We’re talking the 1890s here: skirts were full length, corsets de rigueur and heaven forbid a limb should be identifiable.

Sociologist Kat Jungnickel and the team have been digging around in patent archives and have selected some interesting designs that they’re now starting to reconstruct from the descriptions and diagrams given.

One of the patents we’re focusing in on: an improved skirt available also as a cape for lady cyclists

It’s a wonderfully interdisciplinary project and the office table seems to mostly look something like this:

Technical drawings, fabric swatches, sticky notes, paper-clip-and-string proto-mechanisms, notebooks and yes, ahem, maybe the occasional snack.
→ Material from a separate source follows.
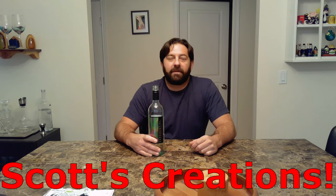Hey guys, welcome to Scott's Creations. Today we're going to be turning a wine bottle into a candle. This is a fun, inexpensive project. You already have the bottle, and hopefully you enjoyed drinking the wine. This could make a good gift, or this could be a way to remember a special evening with your significant other. One might even think it could be romantic.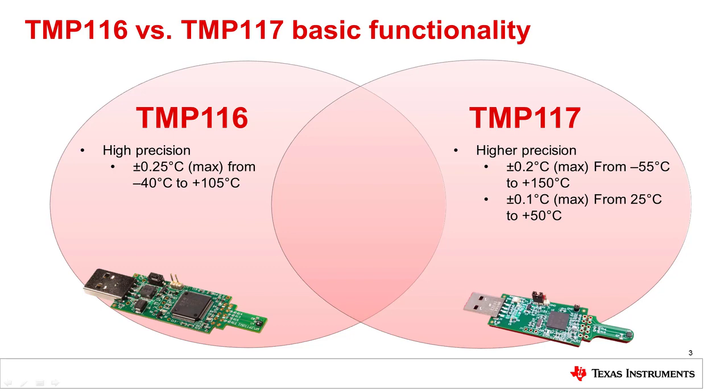The TMP117 is also an excellent device for medical applications requiring skin temperature measurements, offering an accuracy of plus or minus 0.1 degrees C from 25 to 50 degrees C, which exceeds the ASTM E1112 requirements for electronic patient thermometers. Both devices provide a 16-bit temperature result with a resolution of 7.8125 millidegrees Celsius. More information on the electrical characteristics of each device can be found in the datasheets in the video description.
What’s not to like?

Whilst the others keep busy with adapting sewing pattern blocks, automating a 5’8″ wooden mannequin, lusting over reflective tweeds and figuring out what it all means with respect to mobilities and gendered bodies, I’ve been given the mission of developing a guided tour style cycle ride that incorporates relevant locations around central London and weaves together key themes from the research.

Yum.

Kat already has some nice ideas involving pocketses and my early research has brought up a lovely link to a professional cyclist sister-in-law to one of the patentees – it’s clear this is going to have to be an exercise in self-restraint as much as anything else.

We’re optimistic we can rein in our curiosity and excitements though: keep an eye out for a date for the ride sometime in April.